WFE thresholds: when is 0.7 PASS and 0.5 ACCEPTABLE in walk-forward testing
Practical guide to PASS vs ACCEPTABLE style bands for walk-forward efficiency, with context on when thresholds are informative versus noisy.
If you search walk-forward efficiency threshold, walk-forward efficiency 0.7 pass, or WFE passes needed for valid test, you are usually trying to convert a continuous metric into a decision. This page explains how to use WFE thresholds without fooling yourself.
First: what WFE is
If you are new to the metric, read Walk-Forward Efficiency (WFE) explained. Walk-forward efficiency summarizes how much of your in-sample edge carries into out-of-sample segments across a walk-forward process.
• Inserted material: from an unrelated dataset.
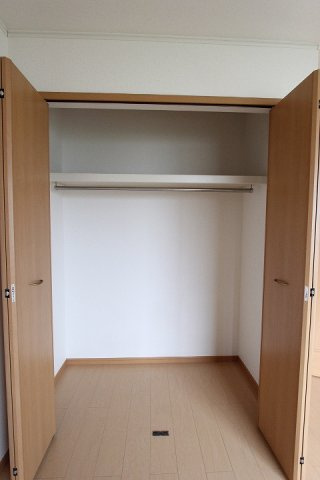 ウィステリア池下の収納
Why "0.7 PASS" is not a law of physics
Any fixed band (including 0.7 PASS style language) only makes sense when:
- You have enough walk-forward passes for stability.
- Costs and data are modeled honestly.
- You know whether parameters were re-optimized each window or held fixed.
- You are not comparing apples across different markets and timeframes.
If you only have two windows, thresholds are mostly noise.
What typically makes thresholds informative
- Enough windows so one lucky OOS segment can not dominate (Minimum windows).
- Enough trades per OOS segment for stable metrics (How many trades).
- Aligned definitions of IS and OOS PnL (In-sample vs out-of-sample).
How to interpret "ACCEPTABLE" vs "PASS"
Treat these labels as screening bands, not trading rules:
- PASS might mean "transfer looks strong under the stated process."
- ACCEPTABLE might mean "borderline transfer; investigate windows and costs."
Exact wording depends on product version. Always read the report footnotes and the methodology page.
When thresholds break: regime change and costs
Walk-forward analysis regime change can make yesterday's "PASS" irrelevant tomorrow. Walk-forward optimization cost (fees, slippage) can turn a good efficiency print into a bad live experience.
FAQ
Is walk-forward 3 windows minimum always true? Walk-forward 3 windows minimum is a common rule of thumb, not a theorem. Thin windows can still be unstable.
What about walk-forward efficiency 0.5? If your process is borderline, widen the sample, tighten costs, or simplify the strategy before you add leverage.